Sconosciuta ai partigiani
Molto popolare è stata la “Leggenda del Piave”; possiamo addirittura chiamarla icona della grande guerra: fu scritta nel 1918 quando la strage “inutile” era già finita o stava per finire: ebbe però la sua meritata consacrazione popolare nel 1921 quando fu traslata a Roma la salma del Milite Ignoto.
Né fu coniata dal fascismo la famosa “Giovinezza, giovinezza, primavera di bellezza”. Essa è stata composta nel 1909 ed era un canto goliardico. Riadattata nelle parole diventò l’inno ufficiale fascista: gli autori non l’avrebbero mai pensato!

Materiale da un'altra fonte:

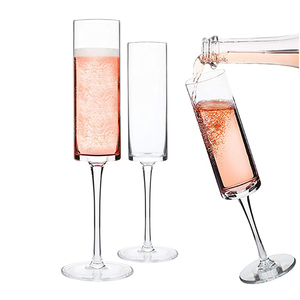 Flûtes à champagne en plastique incassables carrées transparentes de 6oz Verre à champagne en plastique élégant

Il fascismo si appropriò di quell’inno perché si addiceva al suo conclamato giovanilismo, come pure saccheggiò dal corpo militare degli arditi, reparti speciali dell’esercito, la camicia nera, le mostrine e il fez neri, il pugnale e persino il motto di un Savoia che con la sua forza tenne l’isola di Rodi contro i Turchi. Il motto era “FERT”, Fortitudo, Eius Rodum Tenuit. Veniamo a “Bella ciao”. I partigiani certamente non la cantavano perché nemmeno la conoscevano. Durante la seconda guerra mondiale la canzone che andò molto di moda fu “Lilì Maelén”: la cantavano sia i tedeschi sia gli alleati. “Bella ciao” era in origine un canto bambinesco, tanto che parlava di una “vecchierella” che ordinava ai nipoti di andare a prendere acqua da una “fontanella”. Quella nenia, evidentemente, non parlava affatto di “invasor”, ma i comunisti italiani al Festival di Berillo nel 1948 cambiarono le parole e dettero vita alla fortunatissima “Bella ciao” che fu adottata persino dal Coro dell’Armata rossa. Da allora essa è diventata la canzone della resistenza.